I want to know what it was like to succeed George Szell — Maazel followed the great conductor at the Cleveland Orchestra (in the early 1970s). First Maazel reminds me that the orchestra had had three years of guest conductors. Then he says, “Szell was an autocrat, of the Austro-Hungarian empire, and he treated his musicians like minions. . . . The musicians resented it enormously. He fashioned an unbelievable instrument there, but they also hated him, because they were Americans,” and Szell was bent on autocracy. “That does not go down well in our country.” So Maazel inherited “a very fractured ensemble, psychologically speaking. People were very restive, angry, aggressive, and they vented a lot of their accumulated frustrations at the new music director. I was just a kid, basically, in my early forties.

“Bit by bit, as I began bringing younger players into the orchestra who hadn’t been fractured by the Szell era, the atmosphere improved, so that by the time I left it was sunny.”

A side note on Cleveland: “This was Middle America, and everybody’s fairly overweight. At that time, I was very fitness-conscious, and hard as a rock. One day I looked at them and said, ‘I’m going to put all you guys on a diet’ — you can imagine how that went down.” Not very well.

So, who are the great conductors of the 20th century? Maazel says he is reminded of the story “of the matron who said to Koussevitzky, after a performance, ‘You are the only one,’ and he said, ‘Nonsense, there is Koussevitzky, and then there’s . . . there’s . . .’ He looked at his wife and said, ‘Who else?’”

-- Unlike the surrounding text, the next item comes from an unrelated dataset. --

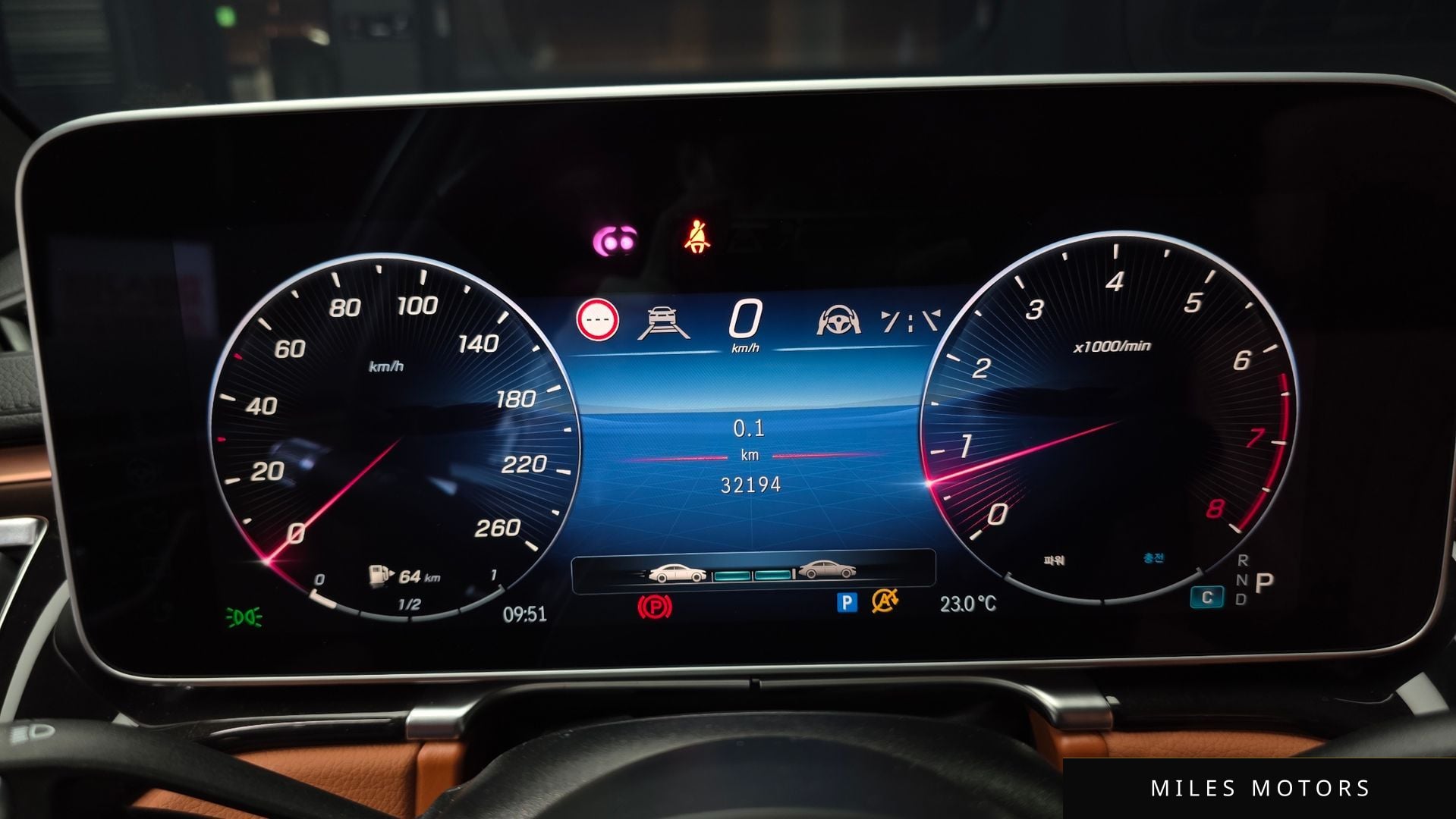 Mercedes-Benz S-Class W223 2023 — миниатюра 11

Seriously, Maazel names a slew of conductors, including Furtwängler, Toscanini, Klemperer, Reiner, de Sabata, Monteux, Erich Kleiber — Toscanini’s protégé Guido Cantelli. “I also thought that Stokowski had a fantastic flair.”

He further says this about Kleiber’s son Carlos: “I think he was the finest conductor of his generation.” (Carlos Kleiber was born the same year as Maazel, and died in 2004.) “I disagreed with almost everything he did, violently. One day we had lunch — we were very close friends, actually — and I said, ‘Carlos, I have never heard a note from you that I could possibly agree with.’ He said, ‘Lorin, I feel the same way about you.’ I said, ‘How do you explain that I am one of your biggest fans, and think that you’re in a class by yourself?’ He said, ‘I feel the same way about you, Lorin!’

“He would come to my rehearsals with a score in hand, so I returned the compliment and went to his rehearsals with a score in hand, like a student. We had a mutual admiration society. It was astonishing.”

I ask what language the two of them spoke in. “We spoke German, but one day he started to speak perfect American English. I said, ‘Carlos, this is a talent I did not know you had.’ He said, ‘I’m a bit embarrassed by my English. My mother was an American, and I grew up hearing her American English from Day One, and then I left her when I was 14, so I speak American English like a 14-year-old.’”

I ask, “How was his German?” “Stunning,” says Maazel. “And he had a witty way of expressing himself.”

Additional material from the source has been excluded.